California’s Governor signed a crypto law to protect unclaimed crypto from being forced liquidated and converted to cash before coming under the state’s custody.
California will become the first state to protect unclaimed crypto from being forced liquidated after its governor, Gavin Newsom, signed legislation. According to the Senate Bill 822, which was authored by Senator Josh Becker, unclaimed property, including digital assets like Bitcoins and Ethereum, should be treated with the same legal framework that governs bank accounts and securities.
This bill, which passed unanimously through both chambers last month before being signed by Newsom, clarifies that digital assets are a form of intangible property governed by the Unclaimed Property law.

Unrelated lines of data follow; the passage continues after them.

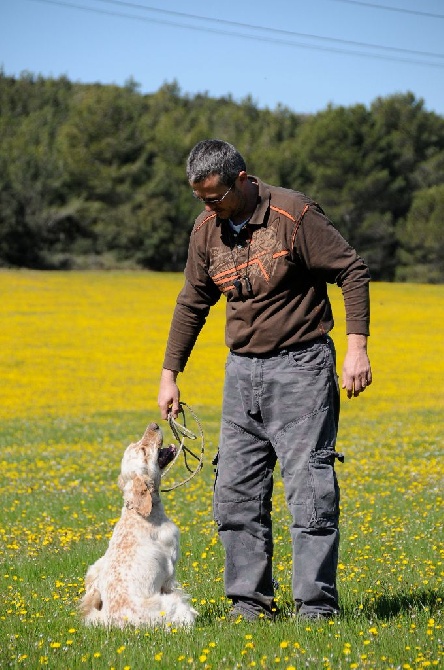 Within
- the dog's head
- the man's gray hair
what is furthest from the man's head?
the dog's head

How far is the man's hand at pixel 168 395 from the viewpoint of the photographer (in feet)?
19.1

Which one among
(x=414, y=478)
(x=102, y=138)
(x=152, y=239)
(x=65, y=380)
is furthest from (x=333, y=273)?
(x=102, y=138)

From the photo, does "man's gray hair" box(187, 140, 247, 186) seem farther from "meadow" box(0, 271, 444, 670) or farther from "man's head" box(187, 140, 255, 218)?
"meadow" box(0, 271, 444, 670)

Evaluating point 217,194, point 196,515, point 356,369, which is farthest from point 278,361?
point 196,515

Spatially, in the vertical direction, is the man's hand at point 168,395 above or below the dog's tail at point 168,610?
above

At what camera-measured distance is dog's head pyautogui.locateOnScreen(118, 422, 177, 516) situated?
18.2 feet

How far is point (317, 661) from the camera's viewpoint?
4309mm

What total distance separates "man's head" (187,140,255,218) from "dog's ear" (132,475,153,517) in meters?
1.62

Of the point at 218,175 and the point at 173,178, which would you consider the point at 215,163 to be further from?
the point at 173,178

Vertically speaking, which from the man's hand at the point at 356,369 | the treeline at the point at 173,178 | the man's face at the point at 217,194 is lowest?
the man's hand at the point at 356,369

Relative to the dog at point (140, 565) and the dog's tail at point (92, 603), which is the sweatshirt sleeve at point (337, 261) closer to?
the dog at point (140, 565)

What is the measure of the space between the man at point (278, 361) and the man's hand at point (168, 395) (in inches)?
17.0

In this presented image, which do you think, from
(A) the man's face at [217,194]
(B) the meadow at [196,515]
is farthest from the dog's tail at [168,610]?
(A) the man's face at [217,194]

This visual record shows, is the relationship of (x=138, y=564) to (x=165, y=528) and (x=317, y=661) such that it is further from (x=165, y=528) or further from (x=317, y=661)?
(x=317, y=661) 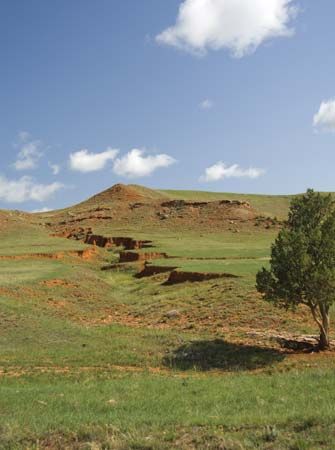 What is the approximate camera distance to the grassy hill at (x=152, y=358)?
963 cm

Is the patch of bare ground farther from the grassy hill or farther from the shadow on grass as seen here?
the shadow on grass

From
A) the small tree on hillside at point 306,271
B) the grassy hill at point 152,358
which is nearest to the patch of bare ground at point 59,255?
the grassy hill at point 152,358

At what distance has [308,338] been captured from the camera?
2477 centimetres

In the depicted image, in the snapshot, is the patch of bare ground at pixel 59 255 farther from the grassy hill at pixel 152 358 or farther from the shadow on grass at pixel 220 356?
the shadow on grass at pixel 220 356

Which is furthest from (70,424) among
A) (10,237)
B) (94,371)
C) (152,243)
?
(10,237)

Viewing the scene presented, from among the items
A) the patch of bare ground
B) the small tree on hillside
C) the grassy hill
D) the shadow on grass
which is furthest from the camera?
the patch of bare ground

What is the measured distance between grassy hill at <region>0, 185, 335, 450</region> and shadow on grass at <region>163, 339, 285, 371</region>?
8 cm

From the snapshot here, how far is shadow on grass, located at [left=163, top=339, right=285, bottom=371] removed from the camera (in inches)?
824

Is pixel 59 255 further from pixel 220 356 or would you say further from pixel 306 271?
pixel 306 271

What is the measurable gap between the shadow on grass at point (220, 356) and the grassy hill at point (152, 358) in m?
0.08

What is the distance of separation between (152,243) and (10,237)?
20.2 metres

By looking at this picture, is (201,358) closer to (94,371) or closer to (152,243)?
(94,371)

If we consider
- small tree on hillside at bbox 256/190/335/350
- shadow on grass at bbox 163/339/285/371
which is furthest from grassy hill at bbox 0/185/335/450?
small tree on hillside at bbox 256/190/335/350

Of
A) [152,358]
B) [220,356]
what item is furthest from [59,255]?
[220,356] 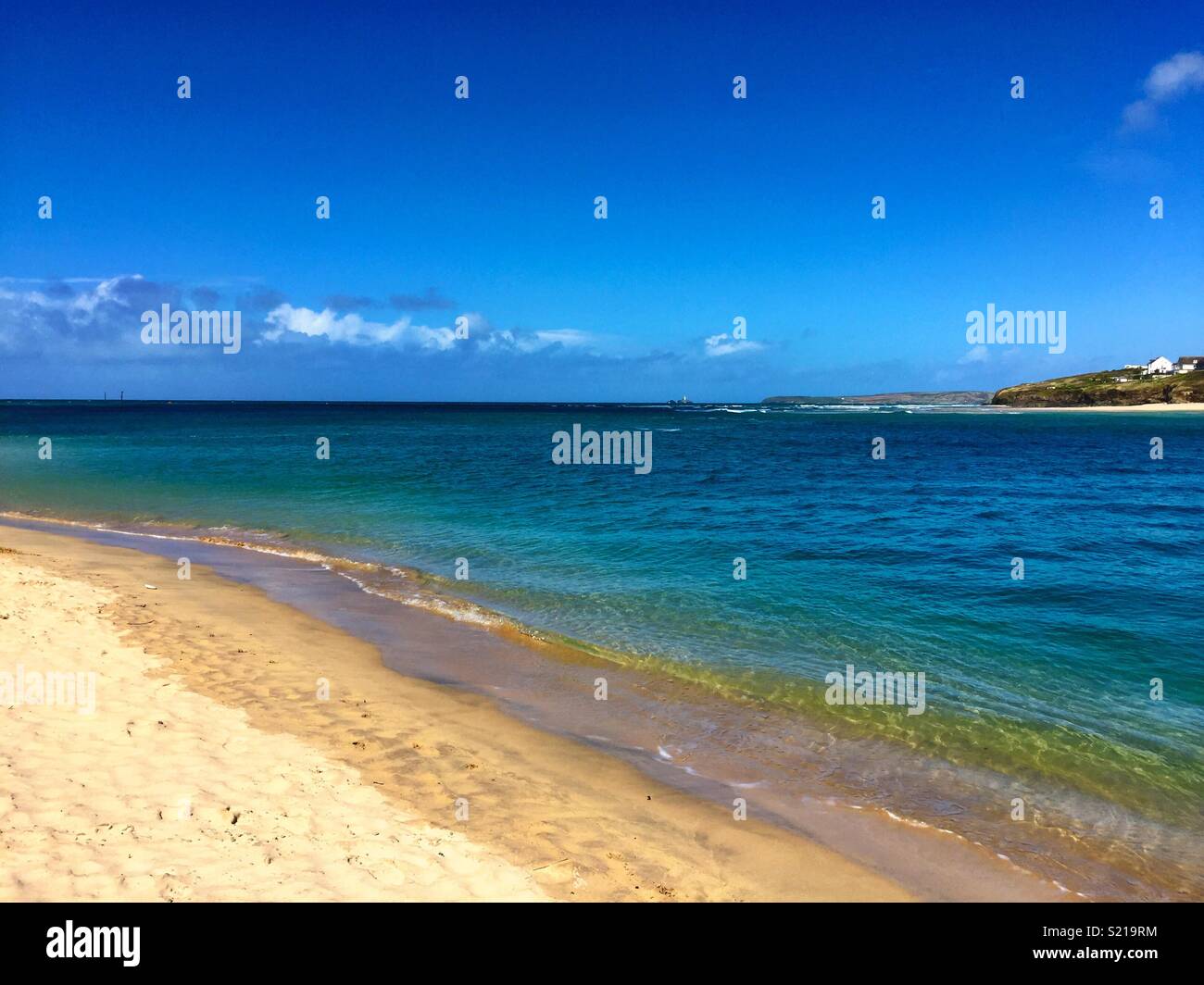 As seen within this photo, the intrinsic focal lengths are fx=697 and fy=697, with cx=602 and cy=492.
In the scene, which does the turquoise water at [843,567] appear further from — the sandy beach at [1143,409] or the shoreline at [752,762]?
the sandy beach at [1143,409]

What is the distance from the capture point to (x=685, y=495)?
106 feet

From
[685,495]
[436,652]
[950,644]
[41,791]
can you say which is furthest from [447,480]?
[41,791]

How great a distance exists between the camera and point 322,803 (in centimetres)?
696

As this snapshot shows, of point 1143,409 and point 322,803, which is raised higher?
point 1143,409

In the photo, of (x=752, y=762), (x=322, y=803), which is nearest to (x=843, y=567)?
(x=752, y=762)

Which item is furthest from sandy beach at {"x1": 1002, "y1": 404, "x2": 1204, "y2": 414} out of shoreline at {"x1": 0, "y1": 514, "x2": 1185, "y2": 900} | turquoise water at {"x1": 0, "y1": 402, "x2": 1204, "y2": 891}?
shoreline at {"x1": 0, "y1": 514, "x2": 1185, "y2": 900}

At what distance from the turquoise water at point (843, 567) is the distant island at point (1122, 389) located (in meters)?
120

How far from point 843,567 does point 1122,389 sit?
169 m

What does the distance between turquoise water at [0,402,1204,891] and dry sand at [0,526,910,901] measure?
387 cm

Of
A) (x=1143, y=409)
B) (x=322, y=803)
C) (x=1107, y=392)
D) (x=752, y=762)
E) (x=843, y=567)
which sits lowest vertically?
(x=752, y=762)

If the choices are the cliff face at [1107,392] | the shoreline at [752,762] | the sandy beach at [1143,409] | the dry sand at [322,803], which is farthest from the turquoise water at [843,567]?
the cliff face at [1107,392]

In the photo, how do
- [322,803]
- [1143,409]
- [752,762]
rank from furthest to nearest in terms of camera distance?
1. [1143,409]
2. [752,762]
3. [322,803]

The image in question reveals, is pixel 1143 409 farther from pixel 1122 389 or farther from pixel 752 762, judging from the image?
pixel 752 762

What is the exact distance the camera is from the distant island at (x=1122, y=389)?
138 m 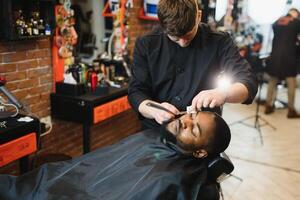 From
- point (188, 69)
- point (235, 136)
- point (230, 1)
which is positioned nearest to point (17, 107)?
point (188, 69)

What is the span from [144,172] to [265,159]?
211 cm

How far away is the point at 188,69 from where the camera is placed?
1520mm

This law brought much clarity and guidance to the state on how it should handle crypto assets that have been dormant for more than three years, even after multiple contact attempts had failed.
“Earlier versions of the bill would have required exchanges, custodians, and wallet providers to forcibly liquidate customers’ digital financial assets before transferring them to the State Controller’s Office—effectively creating a taxable event for consumers without their knowledge or consent,” Joe Ciccolo, Executive Director of California Blockchain Advocacy Coalition, told a prominent media outlet.
Furthermore, the bill requires the holder of the financial asset to inform the owner of the digital asset 6-12 months before reporting via a Controller-approved form. After the escheatment period is completed, the SB833 specifically says that the holders of the digital asset must transfer the exact asset, the private keys, and the amount in its form–unliquidated, to the controllers within 30 days after the final reporting date.